🤖 AI Summary
A key challenge in precision oncology is predicting complex molecular features and patient prognosis directly from routine whole-slide images (WSIs), bypassing costly and time-consuming genomic assays. To address this, we propose PathLUPI—the first method to leverage transcriptomic data as “privileged information” (LUPI paradigm) during training, thereby constructing a genome-anchored histopathological embedding space. Crucially, PathLUPI enables accurate WSI-driven inference of molecular phenotypes and survival risk without requiring molecular data at test time. Built upon a multiple-instance learning framework, it integrates self-supervised contrastive learning to refine histologic representations.
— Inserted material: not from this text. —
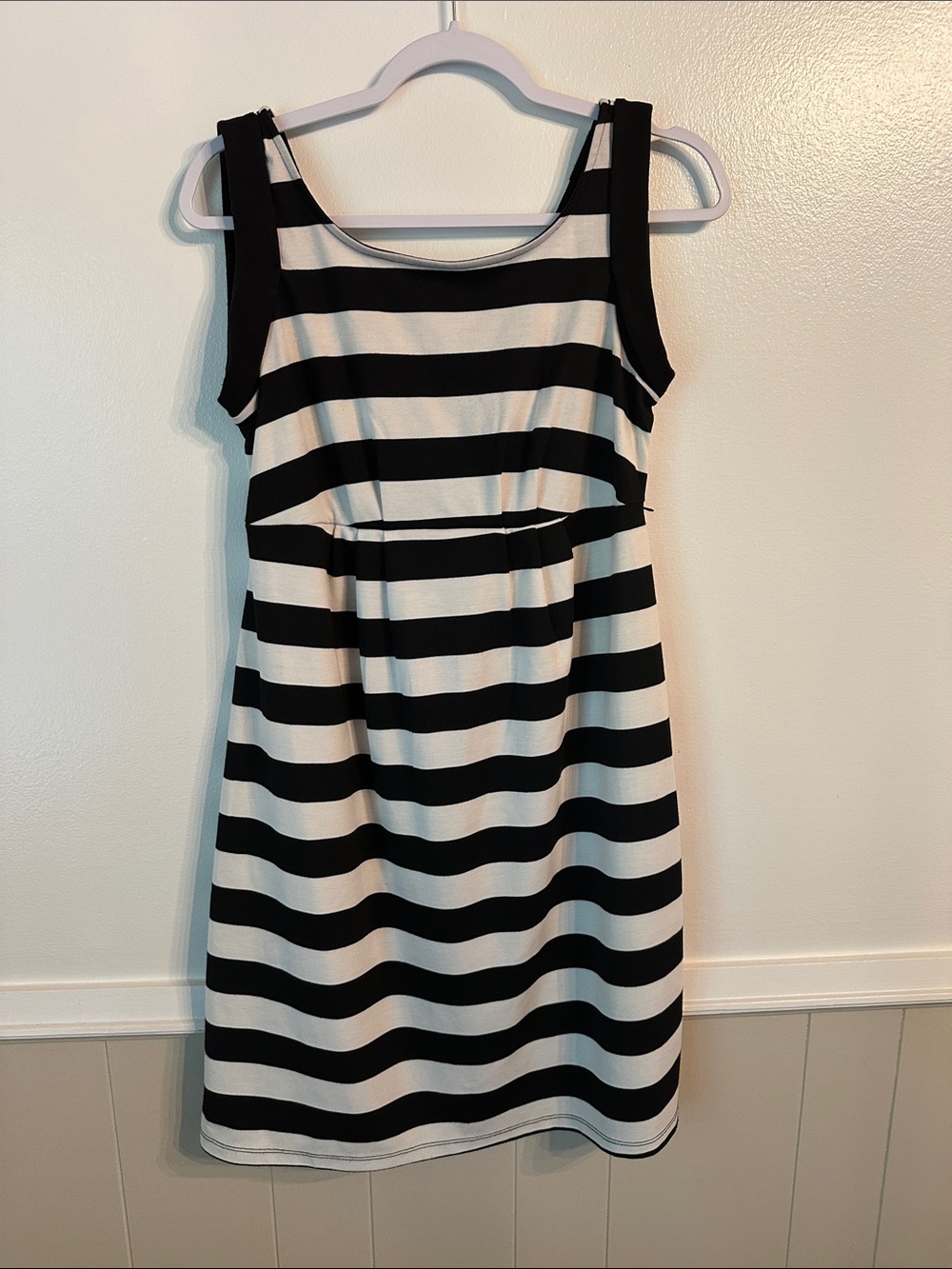 Motherhood Black & White Striped Sleeveless Midi Dress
Evaluated across 20 cohorts comprising 11,257 samples and 49 prediction tasks, PathLUPI achieves AUC ≥ 0.80 on 14 biomarker prediction tasks and C-index ≥ 0.70 on survival prediction for five cancer types. This advances interpretable, clinically deployable computational pathology.
📝 Abstract
Precision oncology requires accurate molecular insights, yet obtaining these directly from genomics is costly and time-consuming for broad clinical use. Predicting complex molecular features and patient prognosis directly from routine whole-slide images (WSI) remains a major challenge for current deep learning methods. Here we introduce PathLUPI, which uses transcriptomic privileged information during training to extract genome-anchored histological embeddings, enabling effective molecular prediction using only WSIs at inference. Through extensive evaluation across 49 molecular oncology tasks using 11,257 cases among 20 cohorts, PathLUPI demonstrated superior performance compared to conventional methods trained solely on WSIs. Crucially, it achieves AUC $geq$ 0.80 in 14 of the biomarker prediction and molecular subtyping tasks and C-index $geq$ 0.70 in survival cohorts of 5 major cancer types. Moreover, PathLUPI embeddings reveal distinct cellular morphological signatures associated with specific genotypes and related biological pathways within WSIs. By effectively encoding molecular context to refine WSI representations, PathLUPI overcomes a key limitation of existing models and offers a novel strategy to bridge molecular insights with routine pathology workflows for wider clinical application.